Yesterday was a sad day. It was the first scheduled yard waste pickup of 2014. This meant that driveways and back alleys were littered with discarded Christmas trees. I first noticed the vast amount of forlorn greenery while I was walking to the library. Once I got back home, I grabbed my camera and went back out for a walk around the neighborhood. It was windy and chilly, but it wasn’t raining and I was bundled, so it was actually kinda nice. Although I could still make out quite a few trees inside people’s houses through sliding doors and bay windows, I encountered more than 30 trees waiting for the woodchipper on my short walk (~a mile). Abandoned Christmas trees strike me as being particularly poignant, so I took some pictures.
Seeing something that was enthusiastically celebrated just a few days before tossed out into the gutter without ceremony is a somewhat sobering reminder that things can go from great to not so great very quickly. I understand that it is completely silly for me to feel bad for these trees, but I can’t help it. I also realize that real trees are much better than artificial ones in all of the ways. (Real trees 1. SMELL SO GOOD and are 2. renewable resources which 3. help support local farmers and 4. are environmentally friendly in that they 5. sequester carbon while growing and 6. biodegrade once they are discarded. Artificial trees are the antithesis of real trees. Think twice before buying an artificial tree!) It just kinda sucks that we tend to get rid of our Christmas trees without a second thought.
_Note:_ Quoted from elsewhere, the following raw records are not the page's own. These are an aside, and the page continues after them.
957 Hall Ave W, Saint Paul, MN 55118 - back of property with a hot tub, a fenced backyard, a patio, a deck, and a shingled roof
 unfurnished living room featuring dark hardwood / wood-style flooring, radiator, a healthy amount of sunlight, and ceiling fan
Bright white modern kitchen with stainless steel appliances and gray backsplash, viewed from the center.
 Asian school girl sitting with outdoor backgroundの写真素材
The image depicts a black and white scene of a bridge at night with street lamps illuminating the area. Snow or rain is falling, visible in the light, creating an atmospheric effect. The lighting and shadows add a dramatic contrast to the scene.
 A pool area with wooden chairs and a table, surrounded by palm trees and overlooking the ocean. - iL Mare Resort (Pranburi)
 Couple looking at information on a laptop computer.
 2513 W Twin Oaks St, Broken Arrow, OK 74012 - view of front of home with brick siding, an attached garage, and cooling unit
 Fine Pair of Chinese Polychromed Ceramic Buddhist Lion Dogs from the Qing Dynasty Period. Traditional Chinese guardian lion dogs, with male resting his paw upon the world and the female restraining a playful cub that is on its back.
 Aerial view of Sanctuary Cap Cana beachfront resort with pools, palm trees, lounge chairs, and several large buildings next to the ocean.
One year when I was little our family moved house just a few days before Christmas. We didn’t have a chance to find a cut-your-own Christmas tree lot like we normally did. Instead, we ended up buying a smallish live tree (maybe 4 or 5 feet tall) from some nursery. We stuck it in the middle of our living room in a big pot, burlap-wrapped rootball and all, and surrounded it with presents. The day after Christmas (or whenever the ground thawed enough to dig a hole), we took it outside and planted it in the backyard. I lived in that house for more than seven years and I was able to see that Christmas tree just about every day. It was a special. I’m really glad that my family did that. Maybe it’s because I was seven years old that year (which is pretty much the best age for squeezing the maximum joy out of Christmas), but that Christmas is the one that I remember the most fondly/vividly. Using a live Christmas tree and then planting it after the holidays is absolutely something that I look forward to doing again in the future.
Christmas trees in January engender as much reverence as a cracked tea kettle.